National Geological Monuments of India
- Official name: Erra Matti Dibbalu
- Designated: 2016
- Designated by: Geological Survey of India

= Erra Matti Dibbalu =

Geological formation in Andhra Pradesh, India

Erra Matti Dibbalu (lit Red Sand Hills) is a geological formation along the Bay of Bengal coast in Visakhapatnam district of the Indian state of Andhra Pradesh. It was notified as a National Geological Monument by the Geological Survey of India in 2016.

==Geography==
The red sand hills are located near Vishakhapatnam in Andhra Pradesh.

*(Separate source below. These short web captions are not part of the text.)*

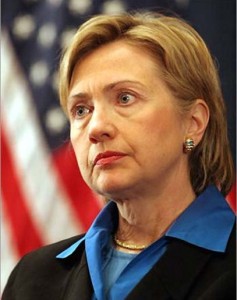 Hillary Clinton anunciará su candidatura el domingo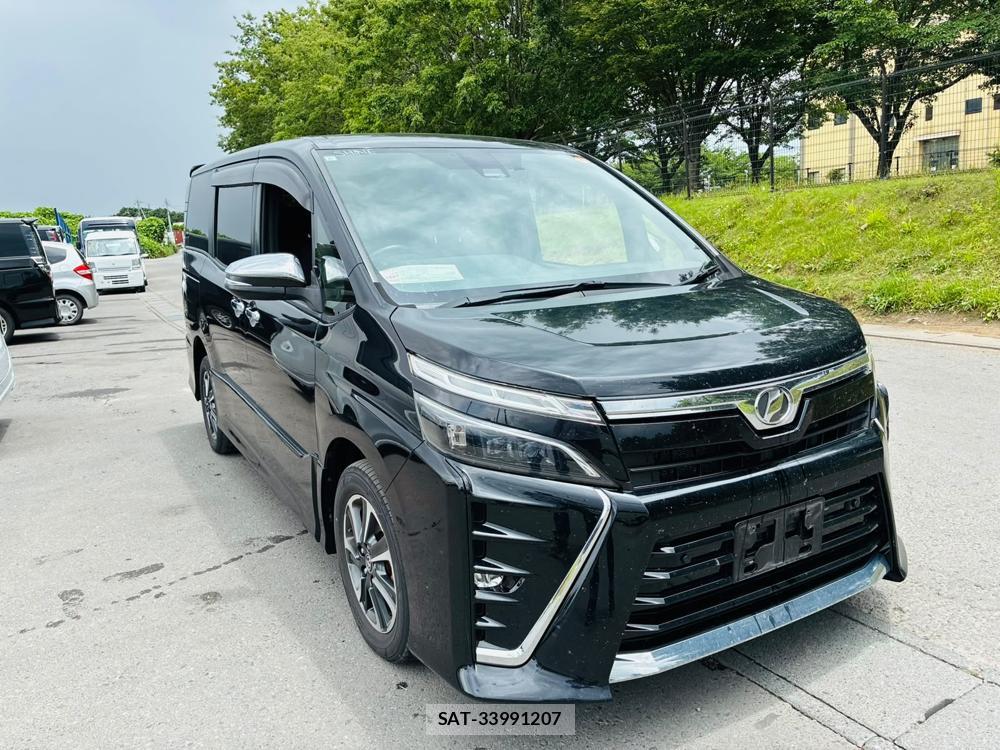 Toyota VOXY 2019-06 8044946-6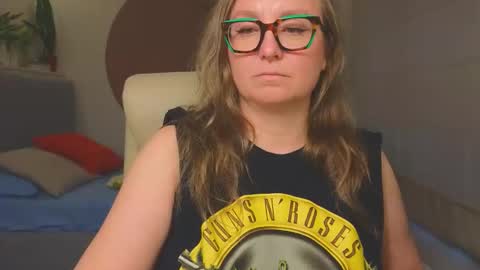 Snapshot of dom_mummy chatting on 24, 5, 2026 DOM MUMMY online show from 24, 5, 2026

The hills stretch for over 1500 acre along the Bay of Bengal coast.

The site was first documented by geologist William King of the Geological Survey of India (GSI) in 1886. About 3 km2 of the site on the outskirts of Vishakhapatnam was notified as a National Geological Monument by the GSI in 2016.

==Geology==
These red sand mounds along the coast were formed by erosion of deposited sediments. Initially formed during the late Quaternary period, the feature continued to evolve over the years with alternating wet and dry periods and changing sea levels. As per a 2006 study, the average age of the formation was dated to 57,479 to 49,964 BP. The study further concluded that the formation which began during the late Pleistocene continued into the Holocene and the structure stabilised at about 18,000 BP.